Come Sunday, I’ll be in a place I call ‘home’ in every sense of the word! The mere thought makes me feel all warm and fuzzy. I badly need the change of scene.
Last night, while on the verge of falling asleep, I remembered something that I had wanted to write about. I read something a couple of months ago and made a mental note to blog about it whenever I found time. But then, I got busy (like always) and the ‘note’ was pushed off to some corner of my mind. Only to resurface as a half-conscious thought, last night.
I came across this article in The Guardian about libraries – how they were ‘in danger’ and about a campaign that invited readers across the globe to write “love letters to their favourite libraries”. The idea had an instant connect with me and I knew that I wanted to write one, too.
My love-letter is to a very special library, one that does not exist anymore. Sometime in 2004, when I was in 8th standard, our school campus was relocated. While the library was, technically, shifted to another place, it wasn’t the same as the one we had in the old school. That library will always be a part of my fondest and most cherished school memories, for reasons more than one.
You might not remember me but I could never forget you. They say you always hold your first love as a dear memory. I think that applies for libraries as well. Atleast for a bookworm like me.
You were my very first library (and love)! I remember getting a glimpse of your interior sometime when I was in 1st or 2nd grade. Since then, I couldn’t wait to get inside and check out all those books. Finally, when I did enter the room, a year or so later, I was on cloud nine! It was love at first sight!
Dimly lit, with a mysterious air that hinted at all the treasure troves (read: books) waiting to be discovered, you had an old world charm about you. I loved spending time there, amidst shelves and shelves of books. We used to have a Library hour once every week and I remember waiting for it so eagerly. Waiting to meet you, to explore all that you had to offer me. Crossing your threshold was like entering into an entire new world, a space where everything else ceased to exist. It was just me, you and books. Even the air smelt of books, old and slightly tattered, adding to the magic.

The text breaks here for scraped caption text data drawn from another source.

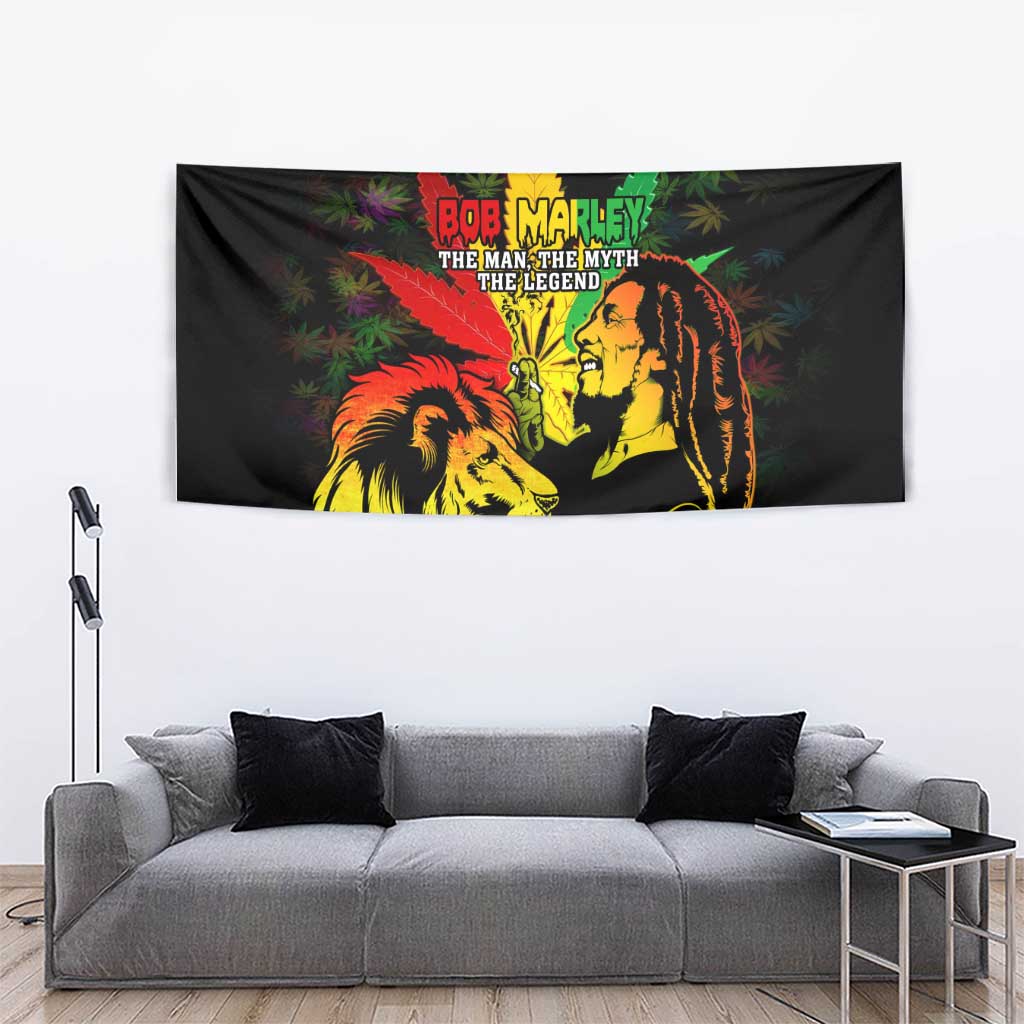 Jamaica Legend Bob Tapestry Lion With Cannabis Leaf Pattern - Wonder Print Shop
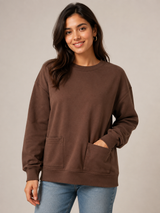 Hangout Womens Chocolate Brown Sweatshirt with Front Pockets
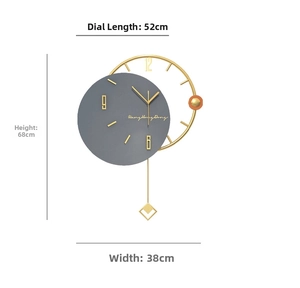 Detail view of modern grey and gold wall clock with size measurements 52x68cm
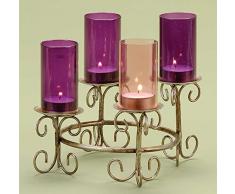 Oro anodizado Corona de adviento con chimeneas de cristal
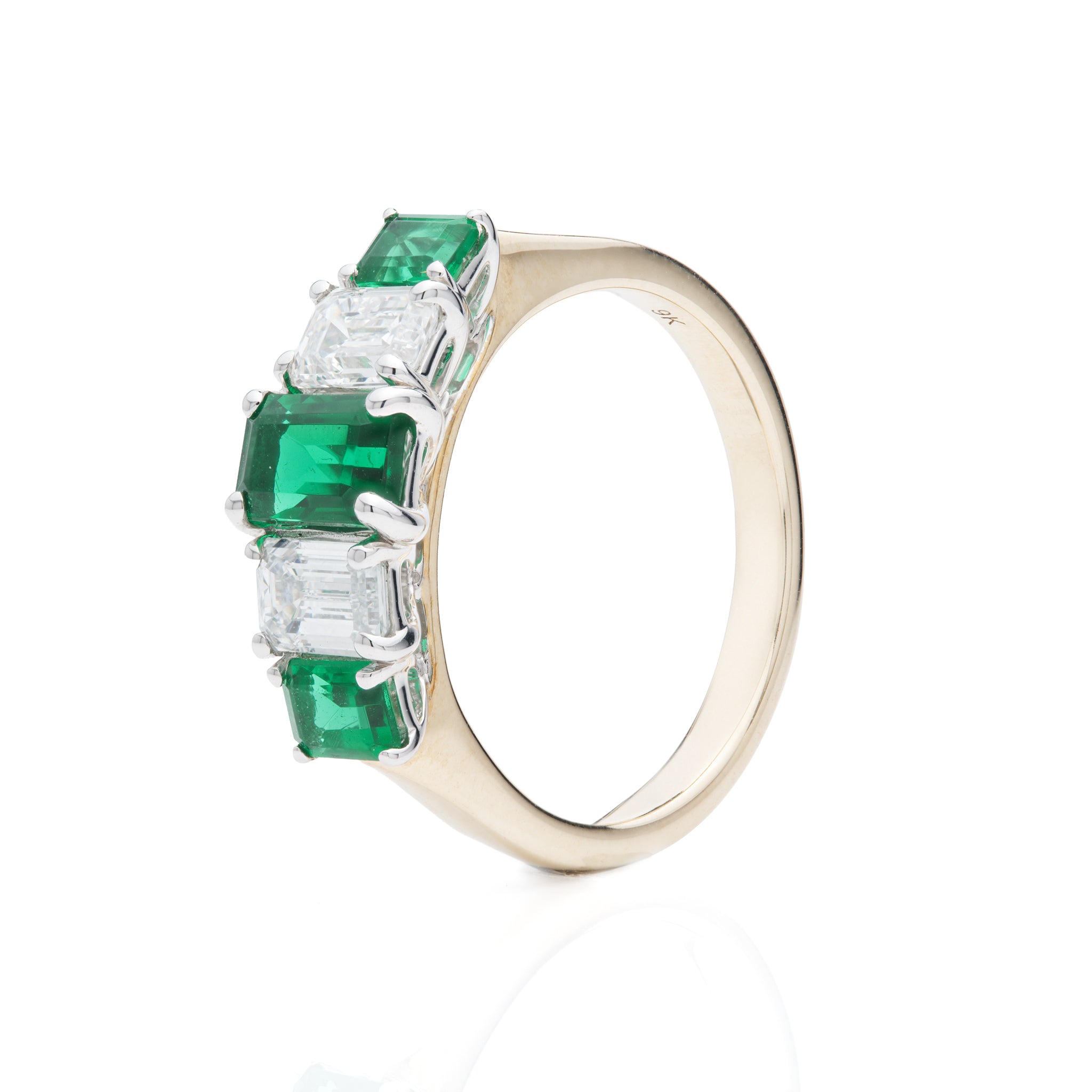 9ct Yellow Gold Emerald Cut Lab Grown Emerald and Lab Grown Diamond Ring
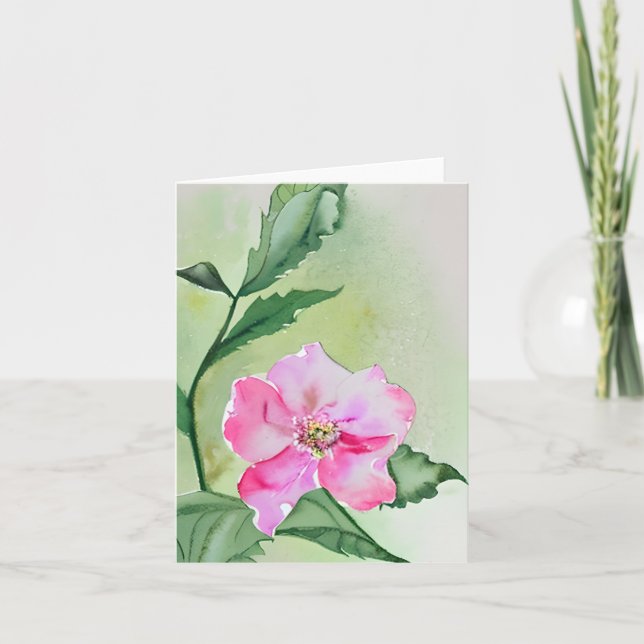 Pink watercolor bloom customisable card (Front)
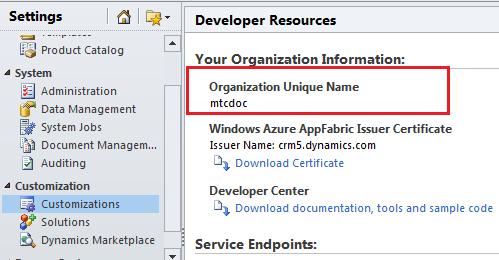 Figure 7: Customization screen Now copy the Organization Unique name and send it to salesteam@mtccrm.com.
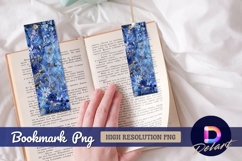 Blue floral watercolor painting Bookmark PNG Product Image 1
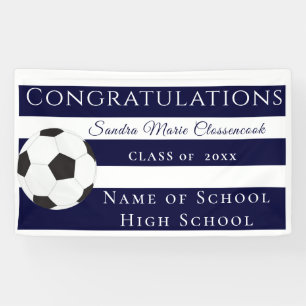 Lona Banner de graduado de fútbol de franja blanca y az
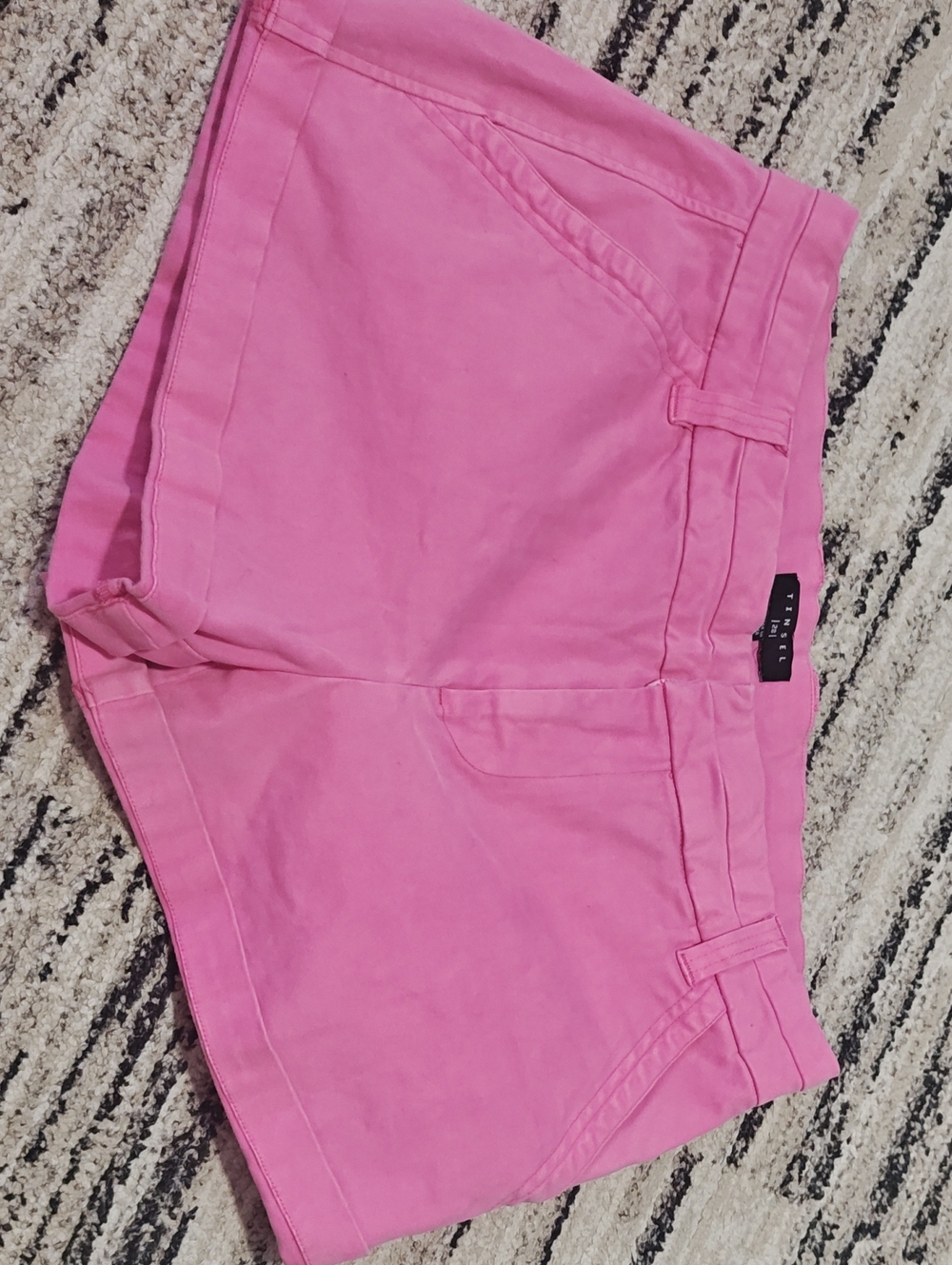 Tinsel Hot Pink High-Waist Casual Shorts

You introduced me to Enid Blyton. I couldn’t get enough of Famous Five and the Five Find-Outers. I kept yearning to see more of you, and read more. You helped me take the first step into ‘Bookwormland’ and guided me along the journey, delighting me with the beautiful classics you held. I remember those years as a blur of Jules Verne, Charles Dickens, Louisa May Alcott, E. Nesbit (to name a few) and gems like Anne of Green Gables, Pollyanna and Jane Eyre.
I could never thank you enough for all that you have done for me. In so many ways, you made me what I am today. Hell, you might very well be the reason I write! Even though we had to part ways, I’ll never forget the time I spent with you, the happiness you gifted me. I know I never told you, but I love you; I always will. I believe you knew it all along. Every time I see the present library, or any library for that matter , I think of you and miss you. This is my way of trying to give back atleast a tiny bit of what you’ve given to me.